Here, I'll show you the exact same gag, but with dudes.

See? Still funny.

This post has nothing to do with programming.


A little bit here, a little bit there
December 1, 2014, 11:22 am

Fixed the thumbnail generator last night. Dumped all the old thumbnails. Over 400. Seems like a lot. Don't think I even have that many images.

Really happy to be able to blog regularly again. I enjoy writing down my thoughts, and even though this is a spot that I show my students, I feel comfortable writing whatever I want here. Most of my blogging is about code anyways.

I continue to improve my base sass files. If you're interested in those files, they are properly underscored, eg. _base2_classes.scss. I have moved them into a condensed css output now, which should help the download of this site even further. I continue to work on SEO and optimization. It's a job that's never really done. Now that my main site is feeling better, I feel confident I can move forward with a redesign soon. I continue to pull in code from side projects. Smallcode was a little thing I put together to show off tiny bits of javascript, but also just common javascript functions that I need all the time. I also used some php code in there for converting block formatted elements into ordered lists for displaying code. If I get that working with my editor, I'll share it out here.

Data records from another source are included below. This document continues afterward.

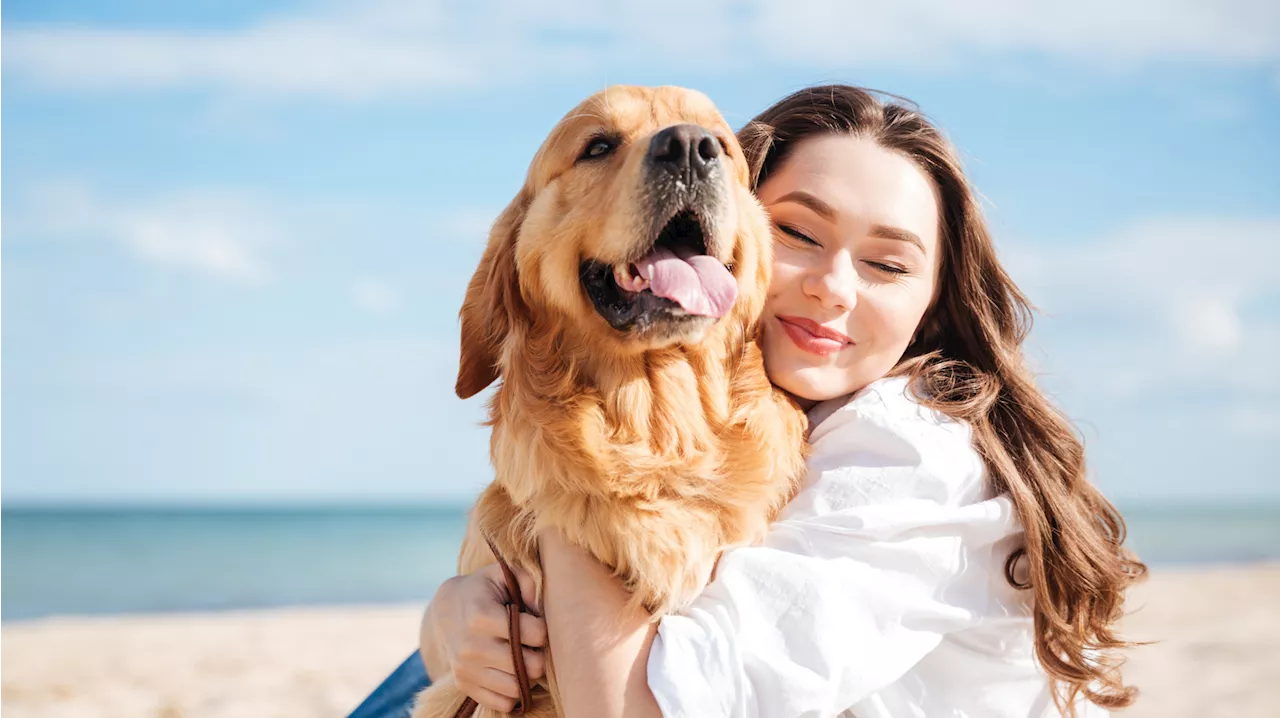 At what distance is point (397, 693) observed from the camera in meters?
3.42

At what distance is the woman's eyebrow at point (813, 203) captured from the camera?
2787 mm

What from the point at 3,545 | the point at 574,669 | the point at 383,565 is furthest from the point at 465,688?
the point at 3,545

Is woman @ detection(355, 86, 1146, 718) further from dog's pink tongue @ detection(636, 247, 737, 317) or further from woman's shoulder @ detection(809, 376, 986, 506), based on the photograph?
dog's pink tongue @ detection(636, 247, 737, 317)

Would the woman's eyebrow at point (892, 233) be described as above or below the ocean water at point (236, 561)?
above

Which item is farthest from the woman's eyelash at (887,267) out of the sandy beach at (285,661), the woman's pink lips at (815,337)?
the sandy beach at (285,661)

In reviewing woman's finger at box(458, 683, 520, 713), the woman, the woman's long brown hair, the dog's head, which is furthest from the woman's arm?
the woman's long brown hair

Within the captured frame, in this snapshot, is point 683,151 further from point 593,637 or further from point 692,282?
point 593,637

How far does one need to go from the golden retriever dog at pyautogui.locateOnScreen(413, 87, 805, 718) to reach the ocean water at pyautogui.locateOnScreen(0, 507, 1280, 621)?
8.19 m

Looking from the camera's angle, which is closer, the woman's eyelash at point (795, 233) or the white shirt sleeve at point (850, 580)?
the white shirt sleeve at point (850, 580)

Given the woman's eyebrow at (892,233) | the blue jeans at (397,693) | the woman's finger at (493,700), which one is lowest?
the blue jeans at (397,693)

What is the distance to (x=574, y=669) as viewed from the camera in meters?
2.30

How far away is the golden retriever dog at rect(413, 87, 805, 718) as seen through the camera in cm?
252

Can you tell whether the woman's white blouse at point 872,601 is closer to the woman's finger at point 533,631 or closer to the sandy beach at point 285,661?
the woman's finger at point 533,631

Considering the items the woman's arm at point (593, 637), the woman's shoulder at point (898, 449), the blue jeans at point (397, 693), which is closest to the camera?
the woman's arm at point (593, 637) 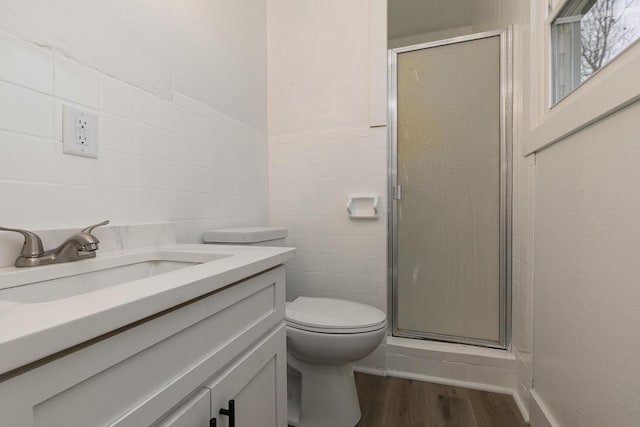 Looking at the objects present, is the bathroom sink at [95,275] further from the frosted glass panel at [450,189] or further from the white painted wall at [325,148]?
the frosted glass panel at [450,189]

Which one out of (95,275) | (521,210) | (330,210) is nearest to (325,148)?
(330,210)

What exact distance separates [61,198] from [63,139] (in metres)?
0.16

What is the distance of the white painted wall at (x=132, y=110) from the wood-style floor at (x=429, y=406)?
1.08 metres

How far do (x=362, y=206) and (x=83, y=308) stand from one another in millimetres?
1438

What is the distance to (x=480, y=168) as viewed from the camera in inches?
64.6

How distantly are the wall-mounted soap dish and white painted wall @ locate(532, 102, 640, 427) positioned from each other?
74 cm

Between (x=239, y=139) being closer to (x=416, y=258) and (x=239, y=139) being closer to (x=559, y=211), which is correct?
(x=416, y=258)

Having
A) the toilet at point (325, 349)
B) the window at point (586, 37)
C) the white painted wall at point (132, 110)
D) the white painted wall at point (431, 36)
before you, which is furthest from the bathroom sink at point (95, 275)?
the white painted wall at point (431, 36)

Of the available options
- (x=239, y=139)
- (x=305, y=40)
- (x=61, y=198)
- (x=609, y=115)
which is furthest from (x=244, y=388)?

My blogeditor now has a preview as I type. It is a very zen feeling to type on the left, but look to the right. Always look forward in everything you do. Never be satisfied to pine for the past.


My preview is one letter behind my typing. I wonder if I should fix that...

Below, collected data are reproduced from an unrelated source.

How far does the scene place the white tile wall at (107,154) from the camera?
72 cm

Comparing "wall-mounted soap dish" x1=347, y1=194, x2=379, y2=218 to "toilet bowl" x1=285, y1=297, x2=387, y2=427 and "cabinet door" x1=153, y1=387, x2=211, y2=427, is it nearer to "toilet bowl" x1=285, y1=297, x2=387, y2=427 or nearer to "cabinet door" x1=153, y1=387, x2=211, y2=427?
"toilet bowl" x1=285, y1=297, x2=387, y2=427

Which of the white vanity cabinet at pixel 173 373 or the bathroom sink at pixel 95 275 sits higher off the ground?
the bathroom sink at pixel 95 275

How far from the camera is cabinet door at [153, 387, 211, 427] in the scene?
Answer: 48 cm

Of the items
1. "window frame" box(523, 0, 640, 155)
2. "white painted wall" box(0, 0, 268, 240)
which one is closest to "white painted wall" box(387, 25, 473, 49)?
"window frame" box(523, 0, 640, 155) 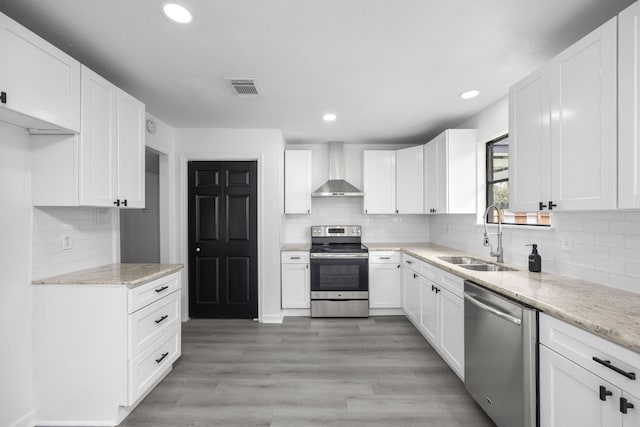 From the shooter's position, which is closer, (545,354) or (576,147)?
(545,354)

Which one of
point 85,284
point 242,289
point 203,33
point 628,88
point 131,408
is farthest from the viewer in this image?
point 242,289

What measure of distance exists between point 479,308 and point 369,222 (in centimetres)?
265

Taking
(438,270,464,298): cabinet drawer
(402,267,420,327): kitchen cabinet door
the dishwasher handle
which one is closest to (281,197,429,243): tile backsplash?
(402,267,420,327): kitchen cabinet door

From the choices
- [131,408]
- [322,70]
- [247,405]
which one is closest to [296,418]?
[247,405]

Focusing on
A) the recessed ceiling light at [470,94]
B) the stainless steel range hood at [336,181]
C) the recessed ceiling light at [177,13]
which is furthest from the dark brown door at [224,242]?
the recessed ceiling light at [470,94]

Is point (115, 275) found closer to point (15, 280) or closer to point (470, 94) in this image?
point (15, 280)

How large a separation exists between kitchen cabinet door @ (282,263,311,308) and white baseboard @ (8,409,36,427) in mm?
2388

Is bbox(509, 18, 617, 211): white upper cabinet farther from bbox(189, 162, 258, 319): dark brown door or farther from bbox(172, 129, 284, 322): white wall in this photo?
bbox(189, 162, 258, 319): dark brown door

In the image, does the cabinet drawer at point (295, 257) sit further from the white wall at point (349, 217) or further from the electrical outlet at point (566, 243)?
the electrical outlet at point (566, 243)

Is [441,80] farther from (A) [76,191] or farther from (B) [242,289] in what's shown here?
(B) [242,289]

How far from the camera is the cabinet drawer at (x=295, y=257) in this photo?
3766mm

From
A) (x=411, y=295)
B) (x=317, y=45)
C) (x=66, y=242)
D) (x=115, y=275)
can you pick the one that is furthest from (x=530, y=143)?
(x=66, y=242)

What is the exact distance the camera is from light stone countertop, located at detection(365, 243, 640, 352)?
1088 millimetres

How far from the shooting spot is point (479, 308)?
6.14 feet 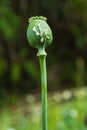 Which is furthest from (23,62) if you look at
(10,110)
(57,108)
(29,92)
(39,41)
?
(39,41)

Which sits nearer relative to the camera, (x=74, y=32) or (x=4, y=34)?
(x=4, y=34)

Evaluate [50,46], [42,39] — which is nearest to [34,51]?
[50,46]

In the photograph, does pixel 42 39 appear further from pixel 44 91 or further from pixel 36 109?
pixel 36 109

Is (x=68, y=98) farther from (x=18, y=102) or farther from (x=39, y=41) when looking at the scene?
(x=39, y=41)

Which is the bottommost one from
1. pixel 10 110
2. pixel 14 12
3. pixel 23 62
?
pixel 10 110

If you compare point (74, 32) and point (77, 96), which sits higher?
point (74, 32)

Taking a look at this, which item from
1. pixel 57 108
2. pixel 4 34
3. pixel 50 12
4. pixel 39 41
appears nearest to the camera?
pixel 39 41

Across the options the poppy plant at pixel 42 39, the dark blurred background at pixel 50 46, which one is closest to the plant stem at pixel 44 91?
the poppy plant at pixel 42 39

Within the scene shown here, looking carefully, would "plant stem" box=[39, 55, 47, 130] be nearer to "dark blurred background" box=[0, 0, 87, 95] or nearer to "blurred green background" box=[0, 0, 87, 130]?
"blurred green background" box=[0, 0, 87, 130]

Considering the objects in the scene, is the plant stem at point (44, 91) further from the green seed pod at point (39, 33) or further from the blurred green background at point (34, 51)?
the blurred green background at point (34, 51) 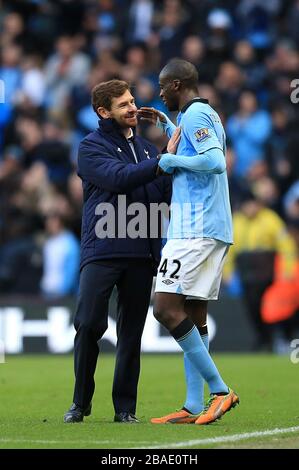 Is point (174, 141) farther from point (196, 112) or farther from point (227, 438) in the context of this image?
point (227, 438)

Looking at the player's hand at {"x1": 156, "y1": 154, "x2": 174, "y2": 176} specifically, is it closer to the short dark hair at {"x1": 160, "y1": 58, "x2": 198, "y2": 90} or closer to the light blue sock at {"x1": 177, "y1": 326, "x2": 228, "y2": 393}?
the short dark hair at {"x1": 160, "y1": 58, "x2": 198, "y2": 90}

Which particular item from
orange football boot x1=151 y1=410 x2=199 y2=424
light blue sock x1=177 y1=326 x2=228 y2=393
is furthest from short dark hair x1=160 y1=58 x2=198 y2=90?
orange football boot x1=151 y1=410 x2=199 y2=424

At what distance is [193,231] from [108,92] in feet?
3.82

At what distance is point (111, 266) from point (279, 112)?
9814 mm

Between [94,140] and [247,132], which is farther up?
[247,132]

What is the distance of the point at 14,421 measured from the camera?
8.52 m

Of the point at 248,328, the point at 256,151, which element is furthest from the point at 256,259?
the point at 256,151

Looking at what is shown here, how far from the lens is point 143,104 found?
1739cm

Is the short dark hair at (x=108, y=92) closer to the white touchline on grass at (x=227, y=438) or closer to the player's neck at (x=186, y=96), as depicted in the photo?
the player's neck at (x=186, y=96)

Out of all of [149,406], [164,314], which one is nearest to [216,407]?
[164,314]

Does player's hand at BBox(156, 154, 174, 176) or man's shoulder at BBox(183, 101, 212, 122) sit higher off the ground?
man's shoulder at BBox(183, 101, 212, 122)

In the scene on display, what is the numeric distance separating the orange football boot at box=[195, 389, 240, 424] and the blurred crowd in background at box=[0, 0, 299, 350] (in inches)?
308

Nevermind, I fixed it. It's the difference between keypress, and keyup. onkeypress hasn't written the current letter to the input value yet. onkeyup has.


More work gets done
November 30, 2014, 2:03 pm

Slowly, slowly, I'm improving my code. I'm corralling all the random bits of code from all my different projects, and bringing them into one place. I'm fixing a lot of the bad things, and moving forward. I've dropped AngularJS from my main page, and switched to straight php. I never liked how the posts would take a second to load in, and now the site seems to blaze forward a lot better.

I've started hanging out at coffee shops a lot more. Doing code at home is hard to keep up for pace. I have to go out and get myself into an environment where it doesn't feel so comfortable.

Did karaoke last night for the first time in forever at a little bar in Japantown and it was really awesome. Everyone was into it, and it was nice to go to a bar where you had a chance to sing, but you also weren't sequestered in a booth. I was rusty as all hell, but it didn't matter. It felt good to be back. I think I'll go again.

I also added a number of new places over on the sidebar for my stuff, including Twitter and Github. Improved the icons and placement as well. I also pushed up the quality of thumbnails, but I don't know if I'd have to dump them all to get them all to recreate... I should probably know that.


I finally update something
November 24, 2014, 4:02 am

I finally made myself a blog editor. Not that you'll ever see it. I've been having my students learn how to make editors, and I thought it would only be appropriate to make my own. It's simple and dumb, but I like it, so there. And maybe now I will post here more often.

This also means that I finally gave myself a link to blog posts. So, that's actually really nice to be able to make permalinks to individual posts. Let's see if I can't make that work a little better soon.